This project is to provide surface reconstruction from 3D point cloud to 3D triangle mesh. It was using TuranEngine before, but now is ported to Unity. Reconstruction algorithm is all runs in "RecDLL.dll" and there is a C# script to get the reconstruction data out from the DLL. I don't know how Unity imports and manages point clouds, so plugin uses a path to an file format that Assimp library supports and loads the object as point cloud. Then reconstruct according to the samplingD and Resolution Multiplier parameters. Algorithm is so simple: Signed Distance Field sampling is used on point cloud, then marching cubes is used to extract triangle mesh from the SDF. Using SDF sampling on a point cloud results in lots of ambiguous cases and there a lot of research on this subject but this is implemented for a very specific project that;
- Needs real-time reconstruction on all devices
- Point clouds assumed to be very dense
- Artifacts can be minimized by applying temporal filtering to results of multiple frames
- Surface normals positivity and Surface color/texture can be guessed So final algorithm is multi-threaded (can even be moved to GPGPU safely) and reconstruction is only dependent to count of new/position changing points.
SamplingD: Defines how far a point can be to a SDF sample. Resolution Multiplier: Defines SDF sample count. Value is multiplied by 10. SDF samples are distributed uniformly across the bounding box of the point cloud. Don't forget to increase SamplingD value after increasing this value.
- Threading system of the TuranLibraries is initialized
- Point cloud is imported with Assimp from a vertex mesh or something
- Bounding box of the point cloud is computed
- DLLs variables are initialized according to inputs (Unity imports the DLL only ones, so arrays are cleared too)
- SDF sampling is started across all threads: A) For each point in the cloud, calculate nearest N + 1 SDF samples according to the samplingD value. B) For each possible sample; a) Calculate distance between the sample and the point b) Lock Sample data, check the distance with the distance value that Sample stores c) If point is nearer then the point stored in Sample, change nearest value in Sample data. d) Free lock.

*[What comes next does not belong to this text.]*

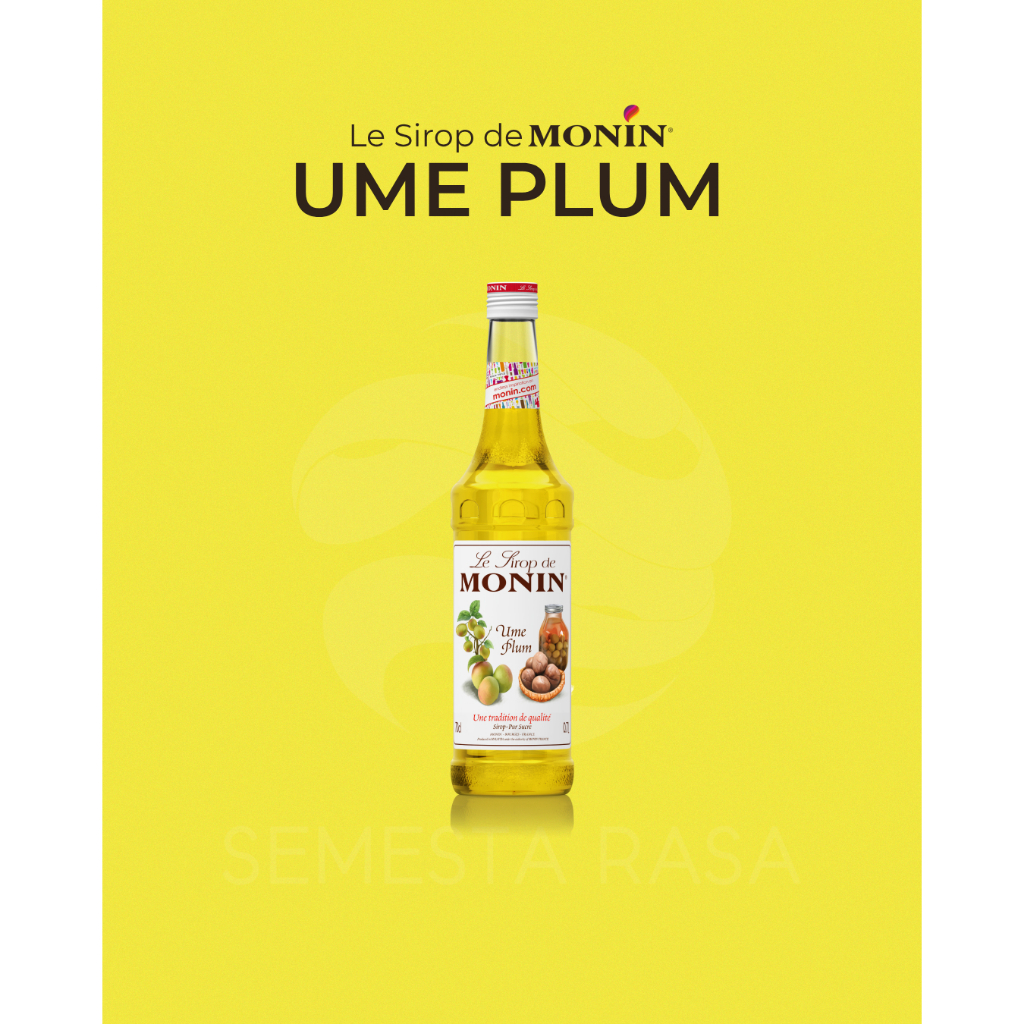 

Monin Ume Plum Syrup 700ML | Sirup Choya Jepang Kiamboy Kiamboi 700 ML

- Resulting SDF values are used to extract mesh with Marching Cubes across all threads.
- Resulting mesh datas across all jobs are gathered in a single, position only vertex buffer.
- Threading system of the TuranLibraries is closed. Note: Algorithm is designed to allow incremental changes in the point cloud, so there are only minor changes in the functionality to support them.
SDF sampling was searching in the reverse direction. I mean the approach was, instead of (point->nearest sample), (sample-> nearest points). To find nearest points for a SDF sample, I used a KD-Tree library to generate kdtree from point cloud and query nearest N points for each SDF sample. But there were lots of limitations:
- Even though kdtree generation was fast for a 12k point cloud (5ms), it'd be way too slower for the project's target point clouds (hundreds of thousands of points).
- Queries for nearest samples were taking around 1-2 seconds at best (with Multiplier: 6, SamplingD: 1.12) and most of the points are refused due to SamplingD and empty spaces in the bounding box (for a typical human mesh).
- Incremental changes in the point cloud can't be supported because tree needs reconstruction from scratch and queries'll probably take longer as point count increases.